On peer reviewing

Fri Jun 4 18:18:26 PDT 2021

Introduction

Despite its {documented short-comings}, I still believe that peer review is a valuable process that can significantly enhance the quality of the submitted manuscript.

People bring up the fact that Einstein never went through peer review. But I don't know how important a journal publication was considered at that time for one's career, compared to modern academia. In other words, I don't know if a {publish-or-perish}-type pressure necessitated using peer review as a means of quality control at that time.

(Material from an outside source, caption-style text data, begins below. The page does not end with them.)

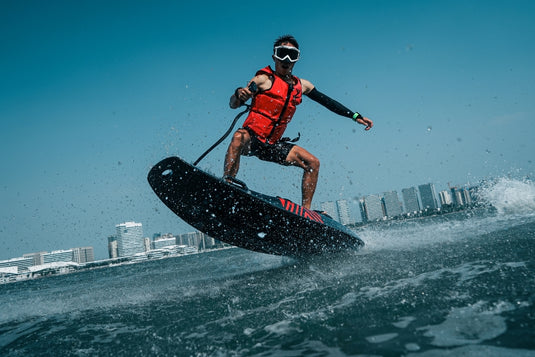 15kW Electric Surfboard: Ultimate Water Performance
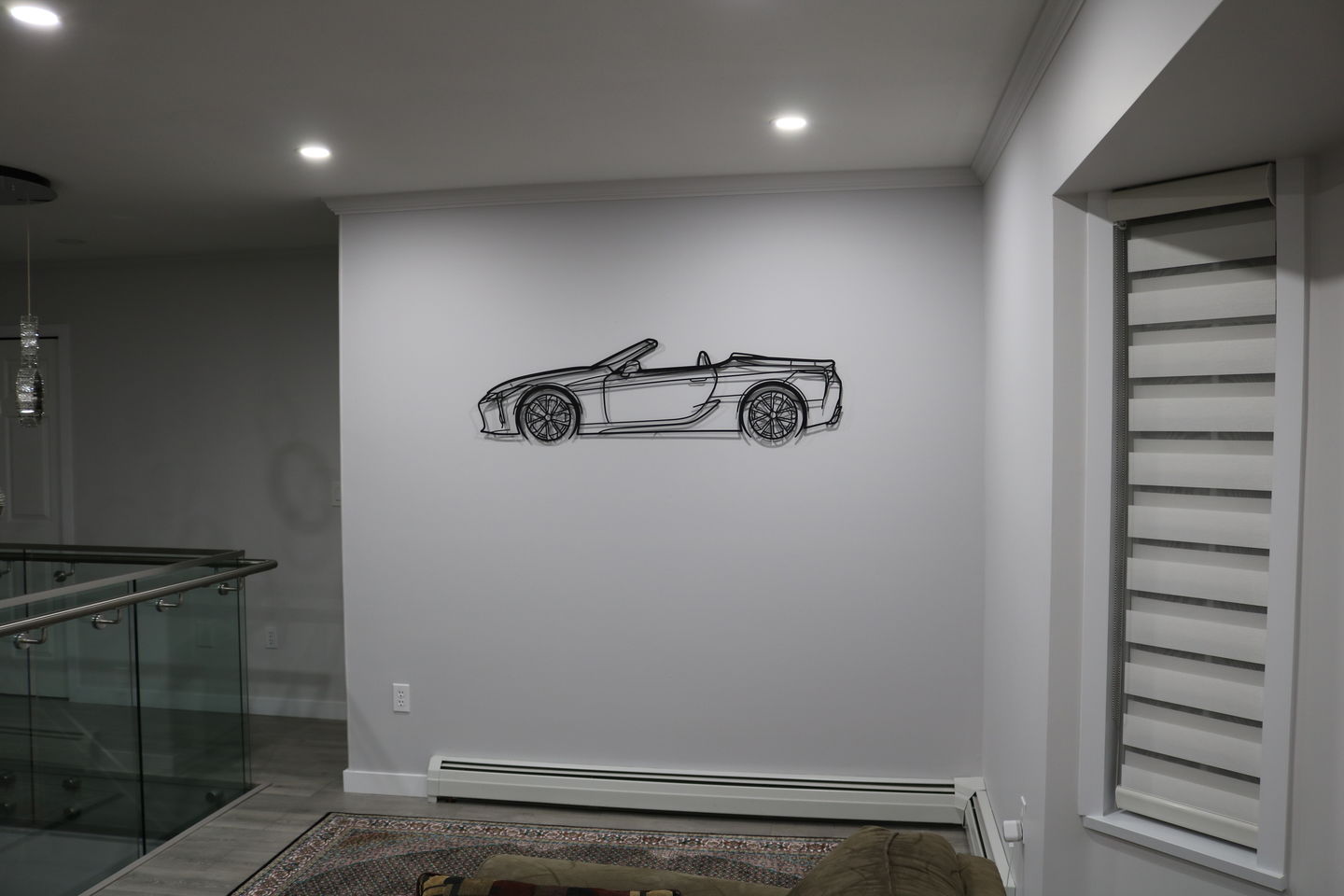 Customer photo review of Design Upgrade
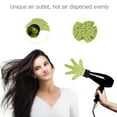 thumbnail image 3 of Plastic Hand Shape Hair Dryer Diffuser Salon Hairdress Curly Styling Tools, 3 of 9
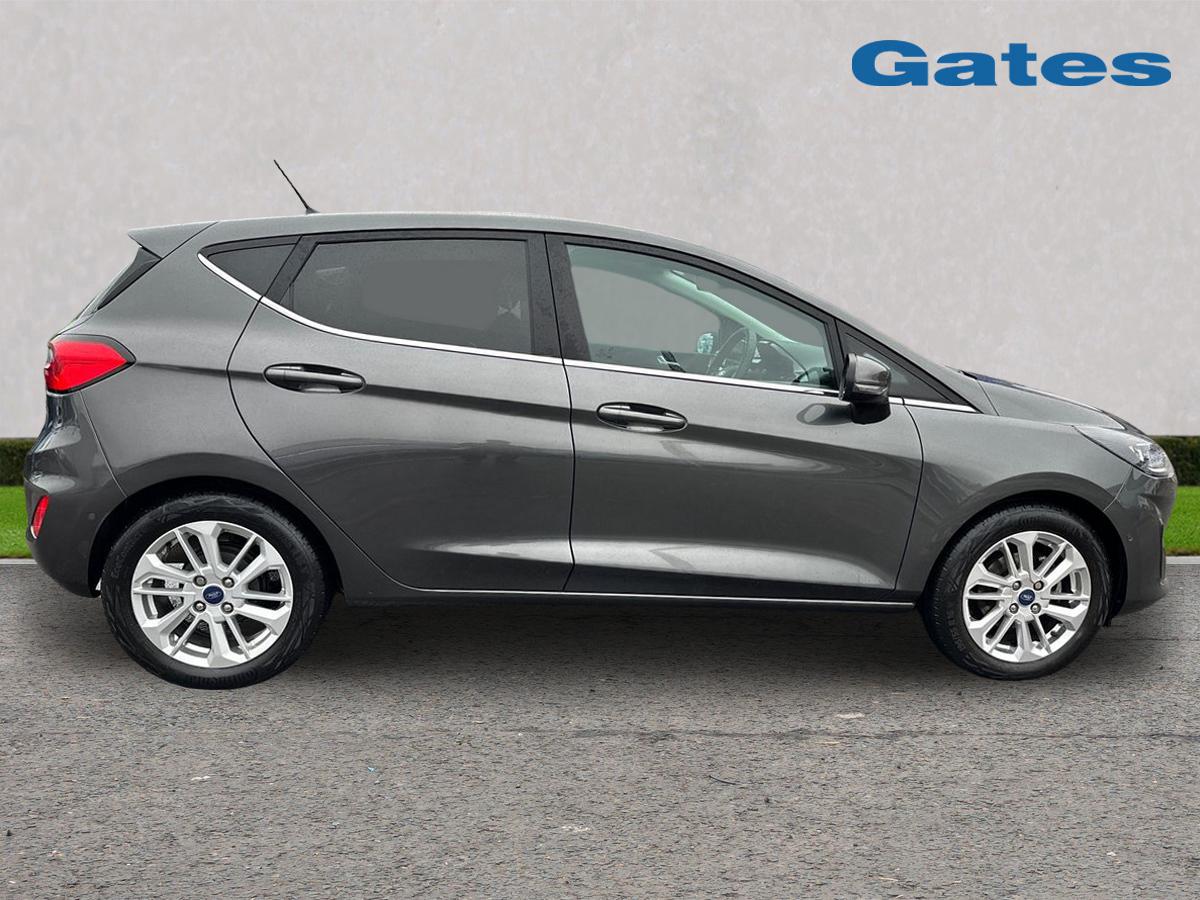 Used Ford Fiesta 2023 for sale - 76960212: Photo 8
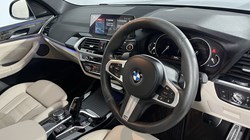 2018 (68) BMW X3 xDrive20d M Sport 5dr Step Auto 4977873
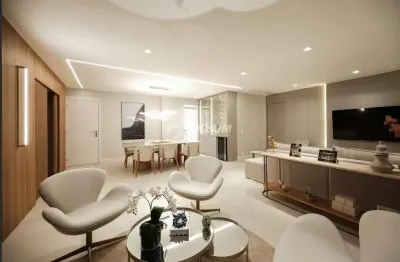 Barra da tijuca | apartamento 4 quartos, sendo 3 suites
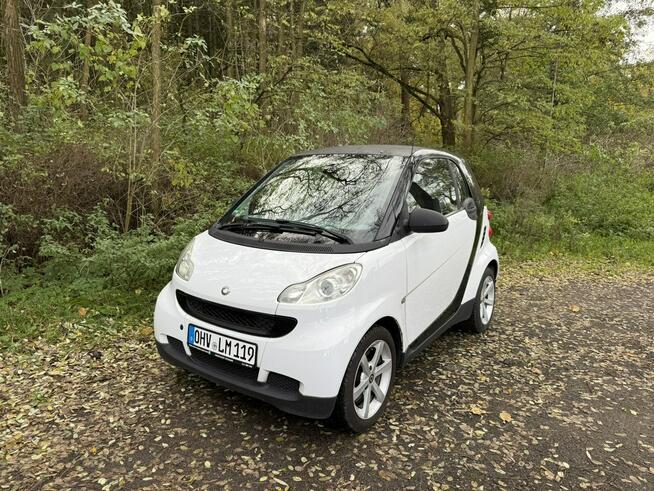 Smart Fortwo Automat Klimatyzacja Ładny i zadbany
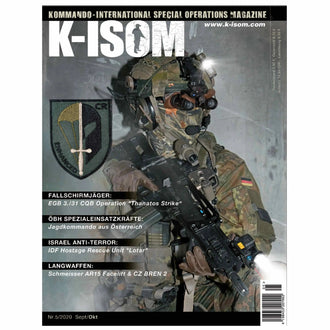 Rivista Kommando numero 5/2020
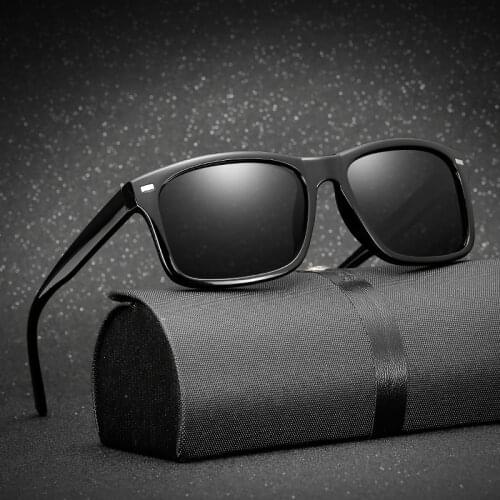 2019 Sale Sunglasses Men Polarized Reading Sunglasses Polarized Lens Frame Classic Simple +0.75 +1 +1.25 +1.75 +2 +2.5 To +4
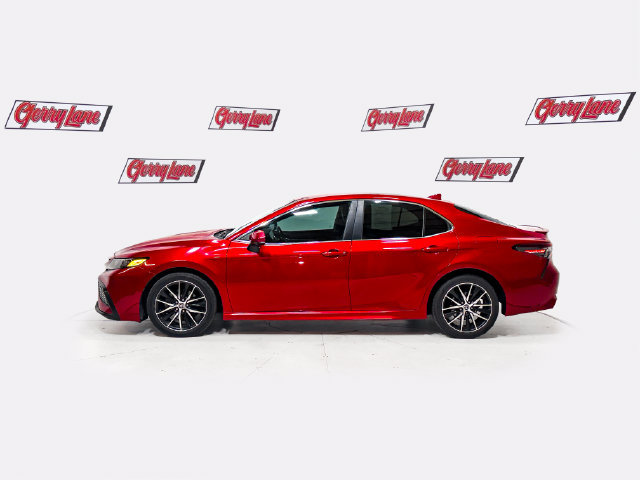 Used 2021 Toyota Camry SE FWD image 4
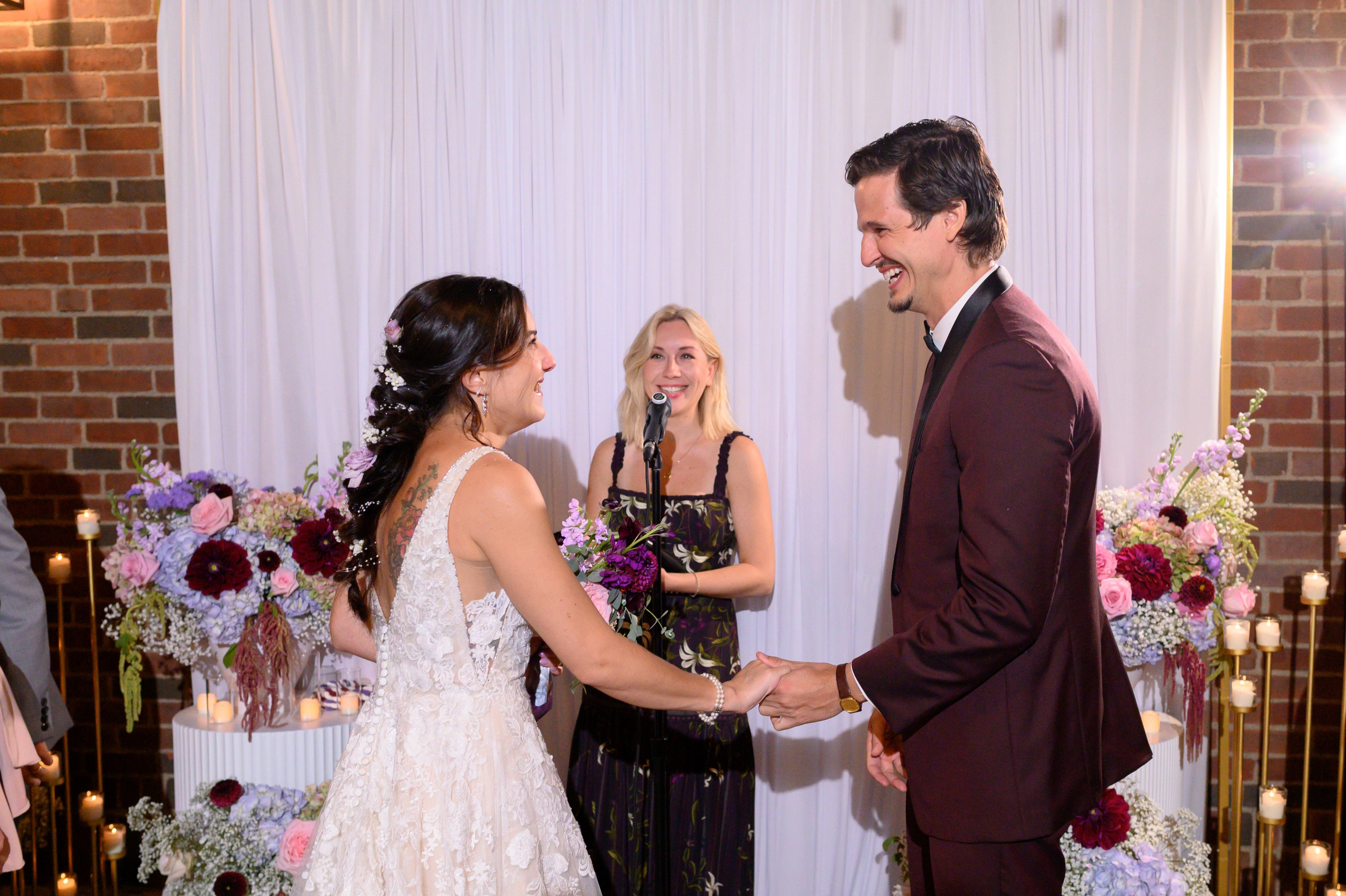 J + S. Wedding photographer in Orlando, Boston & New York Anderson Marques
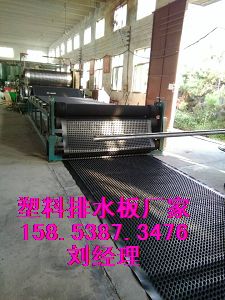 佛山≮车库绿化阻根板≯15高排水板价格15853873476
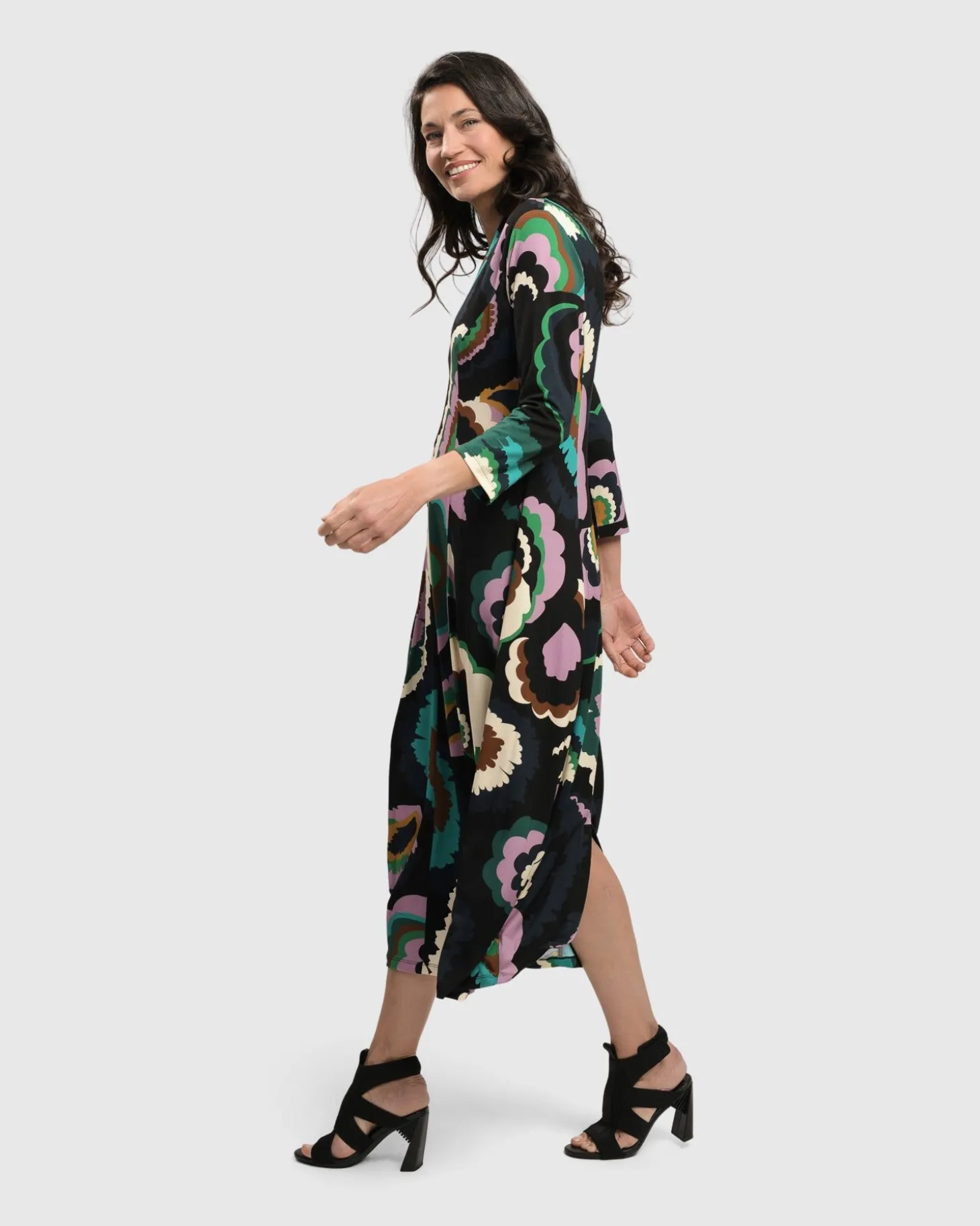 Intermezzo Cocoon Dress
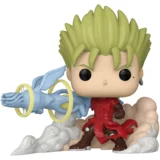 Vash with Angel Arm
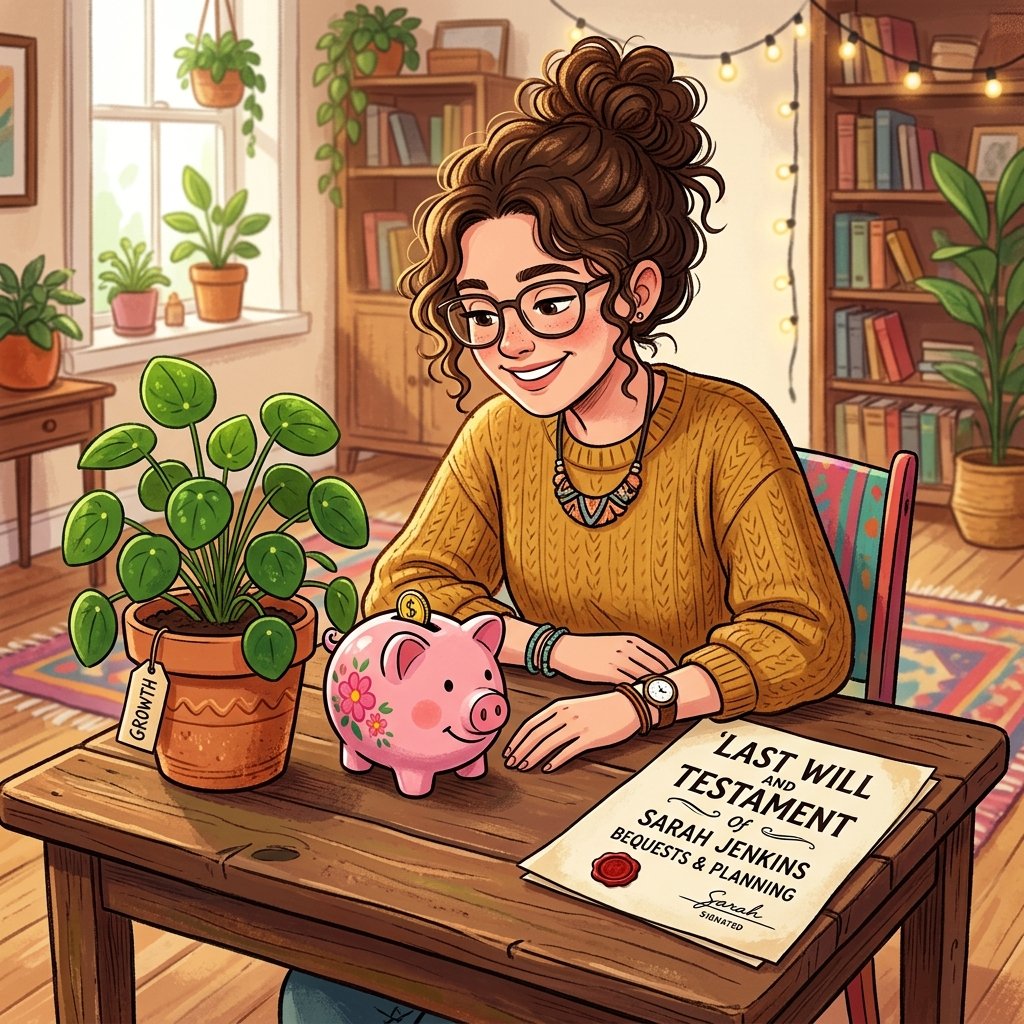 Do You Need A Will? A Broke Millennial's Guide To Estate Planning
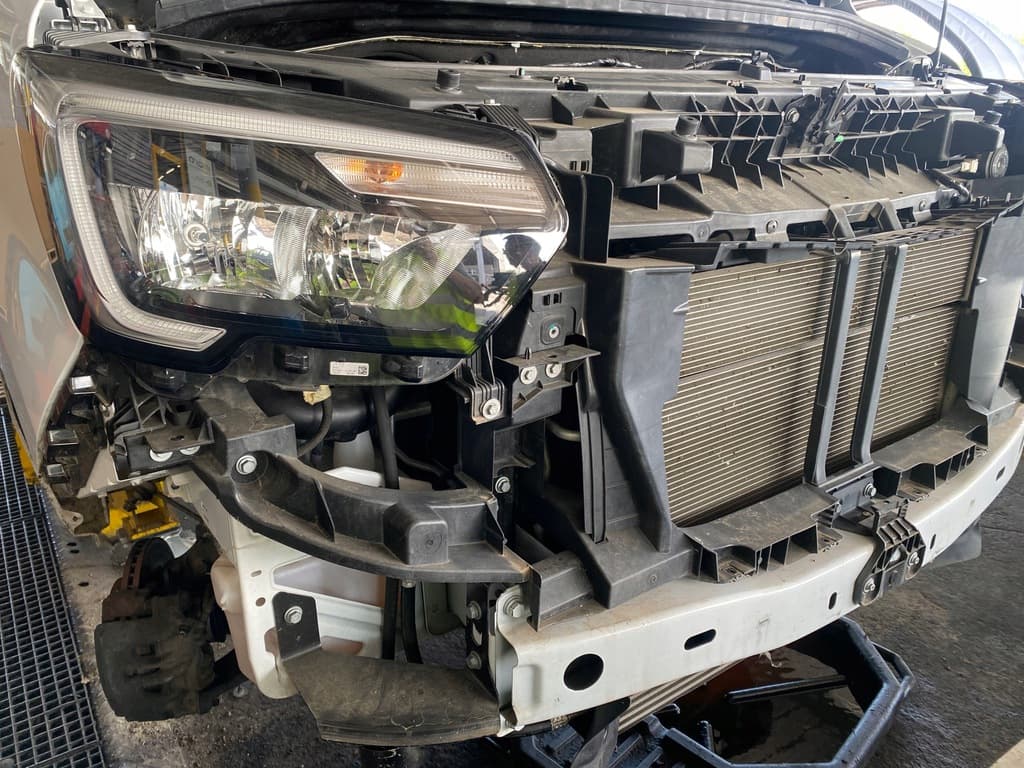 Moteur M9T 716 — vue 8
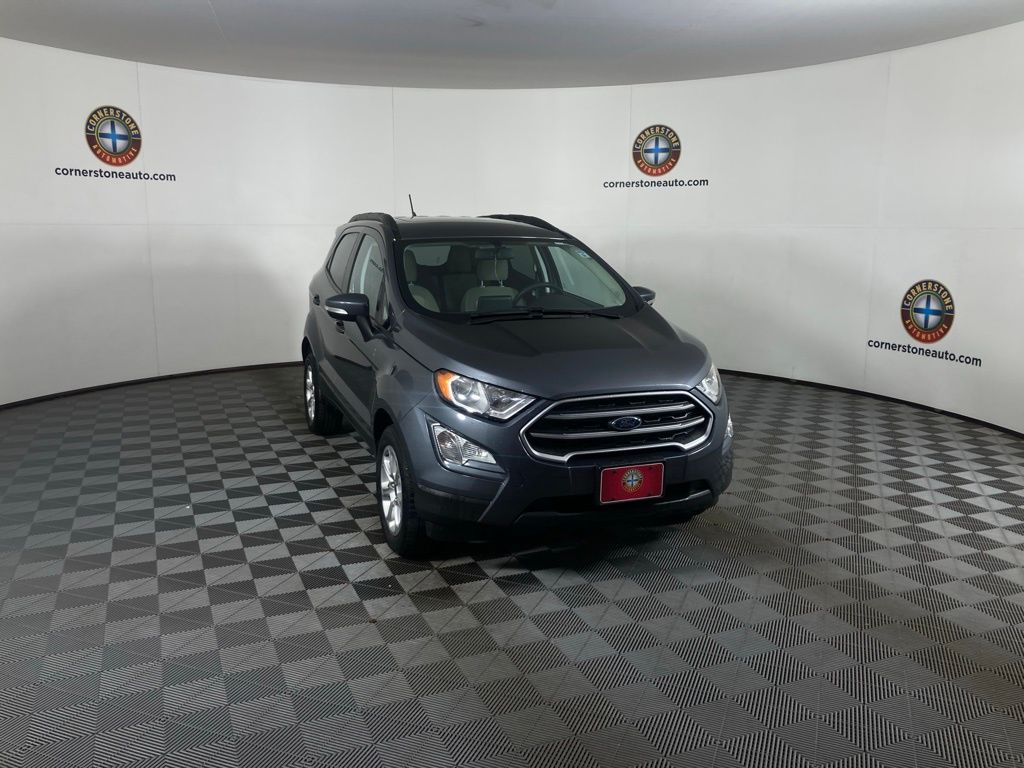 2022 Ford EcoSport SE photo 4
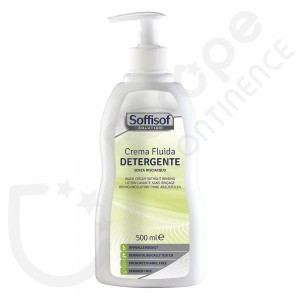 Soffisof Creme de limpeza sem enxaguamento - 500 ml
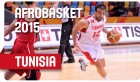 AfroBasket-2015 (match de classement) : La Tunisie sur le podium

Some interesting developments in peer reviewing are the use of {double-blind peer review}, used for example by Nature journals, where both author and reviewer are kept hidden, and the {interactive review process} employed for example by journals of the European Geosciences Union, where both author and reviewer identities are revealed and the community is allowed to openly discuss the article under revision.

Rules for journal reviewing

In SIAM News (Sep 2021), R. Laubenbacher lists five rules to guide the peer review process:

  1. Treat other writer's manuscripts as you would want them to treat your own.
  2. Respond to inquiries from editors and editorial staff in reasonable time, usually as soon as possible. Reject reviewing immediately if you don't have time.
  3. Review manuscripts if you can offer constructive criticism. It's possible to review manuscripts that are not directly in your field of expertise. In this case, provide commentary on how accessible the manuscript is for researchers of an adjacent field.
  4. Reviews should help both authors and editors.
  5. Delays and other issues should be communicated with the editorial staff as soon as possible.

Conducting peer review

Multiple reads

{The review checklist by Taylor & Francis} suggests to read the article in multiple iterations. The first read should be a high-level read that focuses on the big picture. This should give a first impression of:

  1. Clarity of the manuscript
  2. Novelty of the research
  3. Study design and methodology

The second read should be more detailed and focus on specific things per section.

Major vs. minor issues

An important part is the distinction between major and minor issues. As far as I can tell, most dissatisfaction with reviewer comments is related to a reviewer confusing a minor issue with a major issue. Major issues are concerns that address things directly related to the scope of the manuscript. Everything else, for example missing references and presentation of research, are minor issues.

Writing the review

To write a good review, {P. Dunlavey} refers to A. Rapoport's guidelines for fair and critical commentary:

  1. Attempt to re-express your target's position clearly
  2. List points of agreement (especially if they are not generally agreed on)
  3. Mention insights you gained
  4. Only then are you permitted to say so much as a word of rebuttal or criticism

This aligns well with the {PLOS guidelines}, which suggests the following structure of a review:

  1. Summary of the research and overall impression
  2. Discussion of specific areas of improvement
  3. Other points

Ethical guidelines for peer reviewers are discussed by {the Committee on Publication Ethics}. Most of the points are common-sense, but it's a good read in any case.